Repo.transaction(fn repo ->
  case repo.insert(changeset) do
    {:ok, post} ->
     # Great! Please also save the tag confirming it
     # If we can't just explode and rollback...
      tag
      |> Ecto.Changeset.change(%{name: "success"})
      |> repo.update!()
    {:error, changeset} ->
     # Oh noes! Please save some information about it
     # If we can't save just explode and rollback...      
      tag
      |> Ecto.Changeset.change(%{name: "failure"})
      |> repo.update!()
    end
end)

What surprised us that is that this operation fails, even though we are handling the errors in the first insert. This is the exception raised when the code gets to the repo.update! (this is from the adapter, so it also happens with the safe alternative repo.update):

** (Postgrex.Error) ERROR 25P02 (in_failed_sql_transaction) current transaction is aborted, commands ignored until end of transaction block

Ok, apparently there’s something preventing the transaction from succeeding. After conducting some tests it seems that repo.insert is putting the transaction in a bad state and repo.update! can’t succeed because of it. We had that confirmed by jose and as it seems, this error is happening because an operation already failed inside the transaction. He also seems to agree that the docs are talking about exceptions and not just “errors”. So, what exactly are we missing here?

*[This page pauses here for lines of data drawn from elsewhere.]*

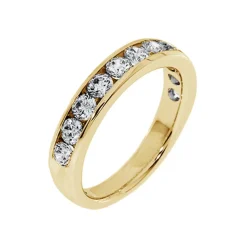 Josephs Jewelers Wedding Bands For Women>14K Yellow Gold Channel Set Diamond Band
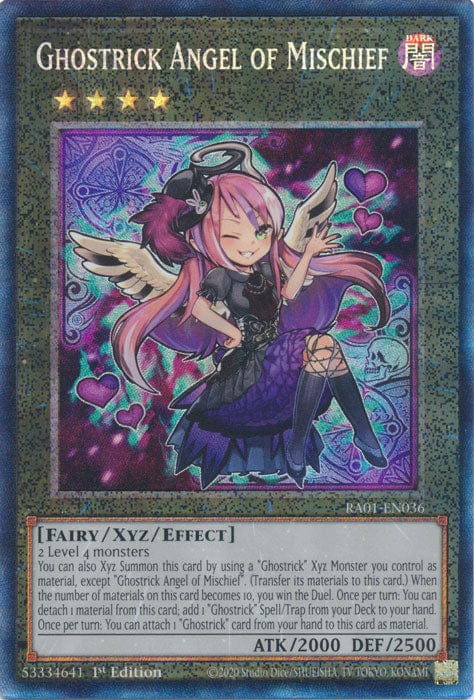 Ghostrick Angel of Mischief (PCR) - RA01-EN036 - Prismatic Collector's Rare - 1st Edition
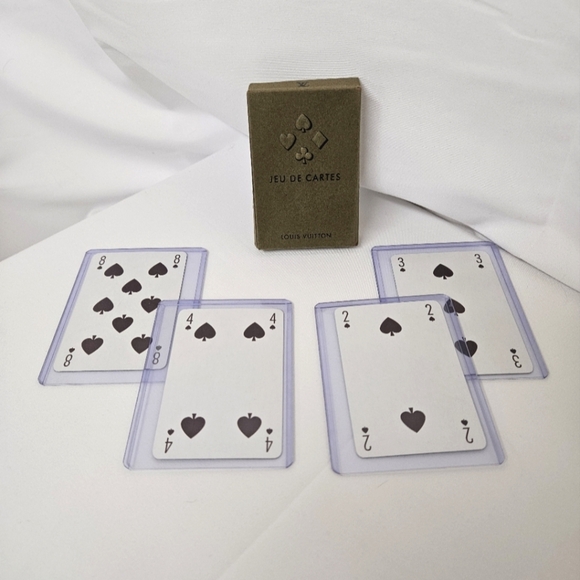 Louis Vuitton Jeu De Cartes Playing Cards In Bleu Et Blanc - Picture 5 of 8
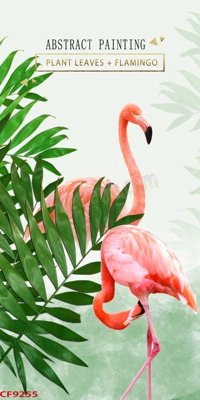 File gốc File tranh dán tường cà phê nhà hàng CF9255 (in lụa) chi tiết cao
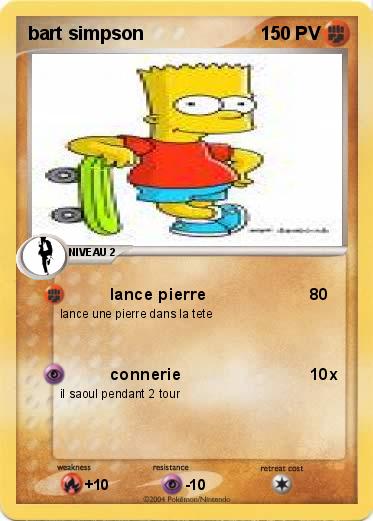 Pokemon bart simpson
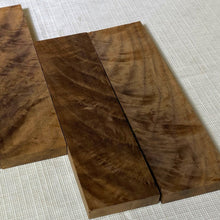 Quilted Walnut Knife Scales / Gun Grips (4-pack) - Stunning Grain Pattern! Free Shipping!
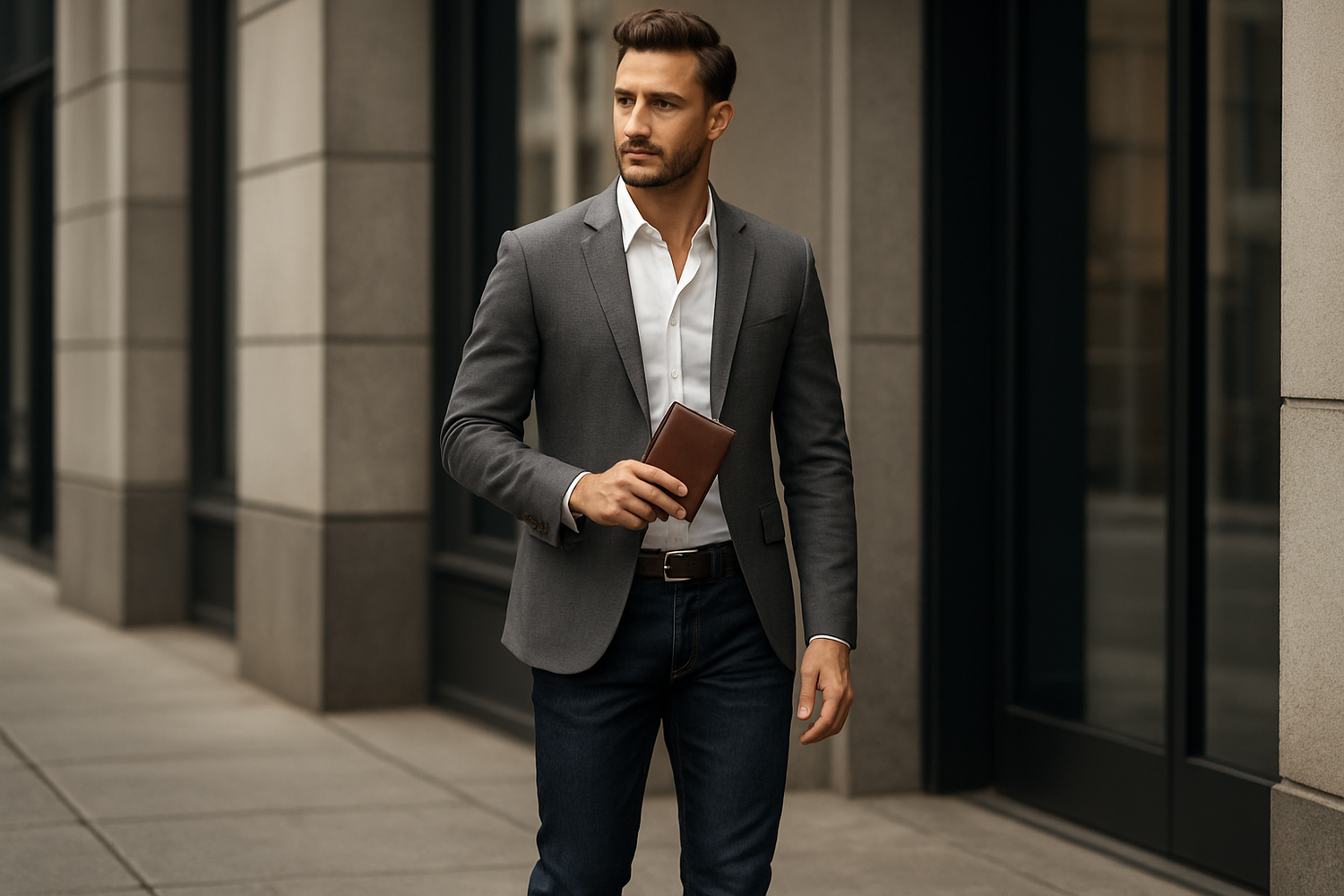 mens fashion style hold the wallet in hand shop_this_look_amDhCa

If the docs are right about the transaction rolling back on exceptions, why can’t this code succeed? If not, and we agree that there’s something to be improved in the docs, what should the correct behavior be?

I’m certain that there’s some important information I’m missing, but I’m feeling a bit misguided by the docs and we want to improve it for posterity.

I think this is normal database behaviour. Whatever database you are using shouldn’t let you continue with the same transaction if a previous command caused an error. This is an error from the database not from Ecto:

** (Postgrex.Error) ERROR 25P02 (in_failed_sql_transaction)

Yep, we found that out ourselves afterward, but still unexpected considering the docs description. I guess it’s perhaps one of those “Ecto is not your ORM” moments :blush:.

Still, there are some improvements to be made to the docs and we were already feeling kinda stressed out by apparently contradictory information. I’m honestly kinda drained at the point of having things spelled out to me.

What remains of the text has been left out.